Referring now to FIG. 5, the setting forces, or loads, F1 and F2 cause an axially downward shift of the inner sleeve 214 and the outer sleeve 212. The load ring 228 will travel downwardly with the outer sleeve 212 as a result of the setting forces, though the load applied to the load ring 228 will include a substantial radial load as shown and described with reference to FIG. 6 below. A shoulder portion 238 of the outer sleeve 212 transfers these axial setting forces to the first inner seal 306, which then transfers the axial setting forces to the first outer seal 308. The upper seals 306, 308 then transfer the setting forces to the second or lower seals 316, 318. In some embodiments, various portions of the axial setting forces are transferred at the inner seal engagement interface 348 (i.e., directly between seals 306, 316) and via the support leg 314. In some embodiments, the upper seals 306, 308 directly transfer the setting forces to the lower seals 316, 318. In some embodiments, at least one of the upper seals 306, 308 is coupled to at least one of the lower seals 316, 318 such that the axial setting forces are transferred from the upper seals 306, 308 to the lower seals 316, 318 with the same setting motion that causes the setting forces. The setting forces cause a downward shift of the inner seals 306, 316 such that the lower seal 316 engages or “bottoms out” on a shoulder 242 of the shoulder member 236. While the lower seal 316 is bottoming out on the shoulder 242, the outer, lower seal 318 contacts or is supported by a shoulder 240 of the shoulder member 236. In some embodiments, one or more of the shoulders 240, 242 are tapered, thereby providing a tapered mating interface between the shoulders 240, 242 and the lower seals 318, 316, respectively. In some embodiments, the tapered seal and shoulder interfaces ensure that the lower seals 316, 318 are energized before the upper seals 306, 308. In other embodiments, the tapered seal and shoulder interfaces ensure that the lower seals 316, 318 are energized at the same time as the upper seals 306, 308.

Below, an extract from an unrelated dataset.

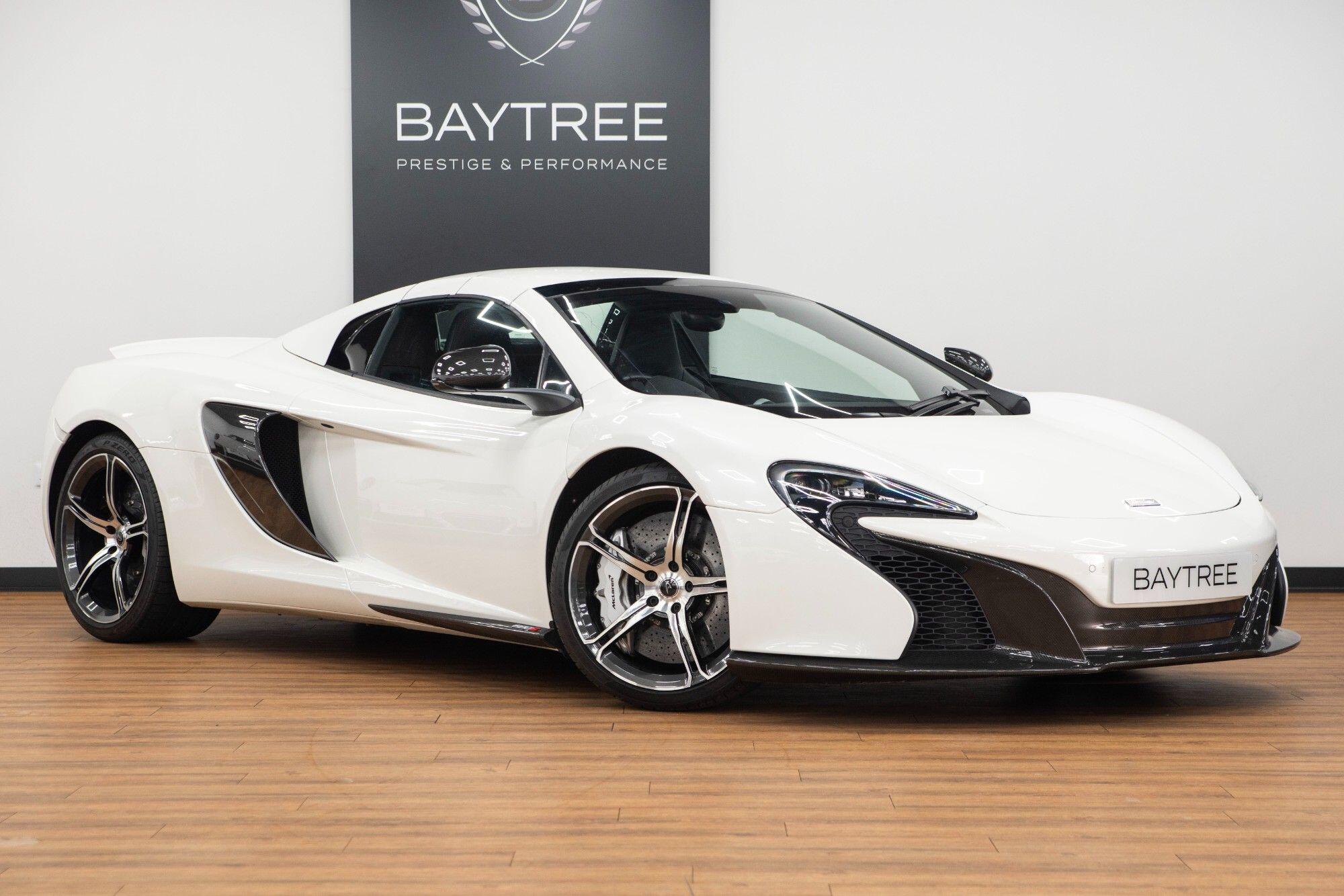 Mclaren 650s view 6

As the inner seals 306, 316 move or slide downward relative to the outer seals 316, 318, as shown by the shift in position from FIG. 3 to FIG. 5, the tapered interfaces 330, 340 (see also FIG. 4) cause the outer seals 316, 318 to move radially outward or toward the tubing spool 202. Consequently, the outer sealing profiles 328, 338, respectively, can engage and seal against the tubing spool 202 as shown in FIG. 5. During this process, the seal 318 moves or slides along the tapered shoulder 240 while the seal 316 moves toward and bottoms out on the tapered shoulder 242. As noted above, the tapered seal and shoulder interfaces ensure that the lower seals 316, 318 are energized before, or at the same time as, the upper seals 306, 308 in certain embodiments. In further embodiments, the tapered seal and shoulder interfaces reduce the setting forces or loads needed to set the sleeve and seal assembly 210. In still further embodiments, the lower seals 316, 318 require less setting force than the upper seals 306, 308, thus the lower seals 316, 318 energize first.

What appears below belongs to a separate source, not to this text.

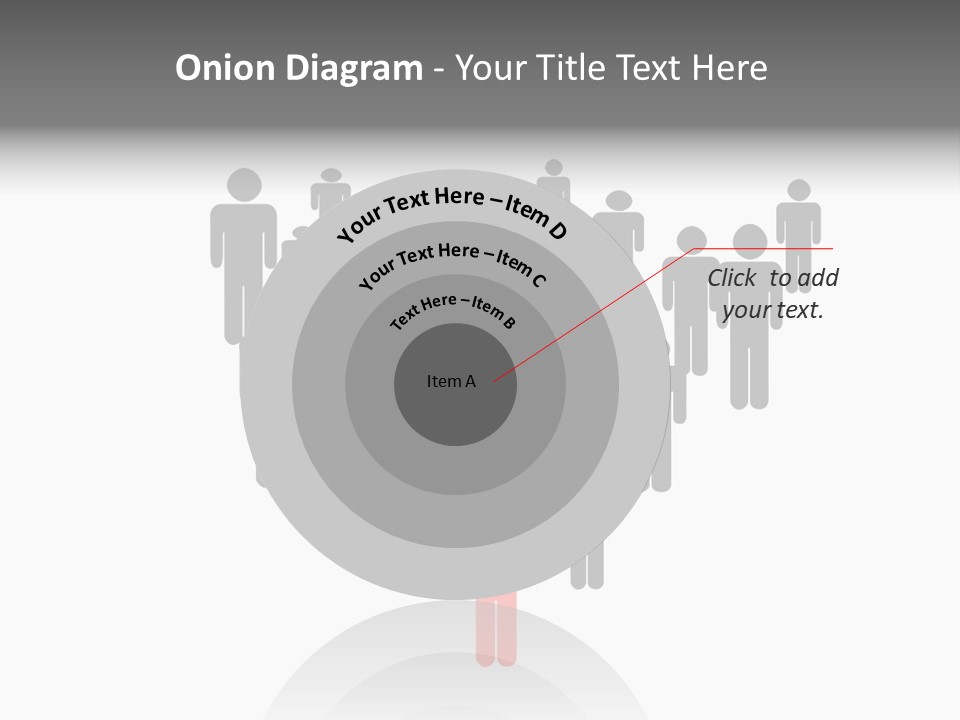 View Of Nice White Hammock Hanging Between Two Palms PowerPoint Template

Referring now to FIG. 6, the axial setting forces or loads F1 and F2 cause the sleeve and seal assembly 210 to achieve a final, set position. The inner sleeve 214 is moved axially downward to engage or lock the load ring 228. The engagement profile 232 of the load ring 228 is matingly engaged with the engagement profile 234 of the tubing hanger 224. The setting load is transferred from the shoulder portion 238 of the outer sleeve 212 to the upper, inner seal 306 along a load pathway 342. The load pathway 342 then extends down an inner load pathway 344 and an outer load pathway 346. In some embodiments, the inner load pathway 344 transfers directly from the upper inner seal 306 to the lower inner seal 316 across the inner seal engagement interface 348, and to the tapered shoulder 242. In some embodiments, the outer load pathway transfers directly from the upper outer seal 308 to the lower outer seal 318 and the tapered shoulder 240. Because of the similarly-angled tapered seal interfaces 330, 340, the outer seals 308, 318 slide axially and radially outwardly relative to the inner seals 306, 316. Thus, the setting load is also transferred to the outer sealing profiles 328, 338 (FIG. 4) to seal against the tubing spool 202, and to the inner sealing profiles 322, 332 to seal against the tubing hanger 224, while the seal assembly 300 is captured between the outer sleeve 212 and the lower shoulder member 236. In some embodiments, both sets of seals 302, 304 are energized with the same setting motion or sequence. In other words, the same setting motion or sequence establishes the load pathways 342, 344, 346.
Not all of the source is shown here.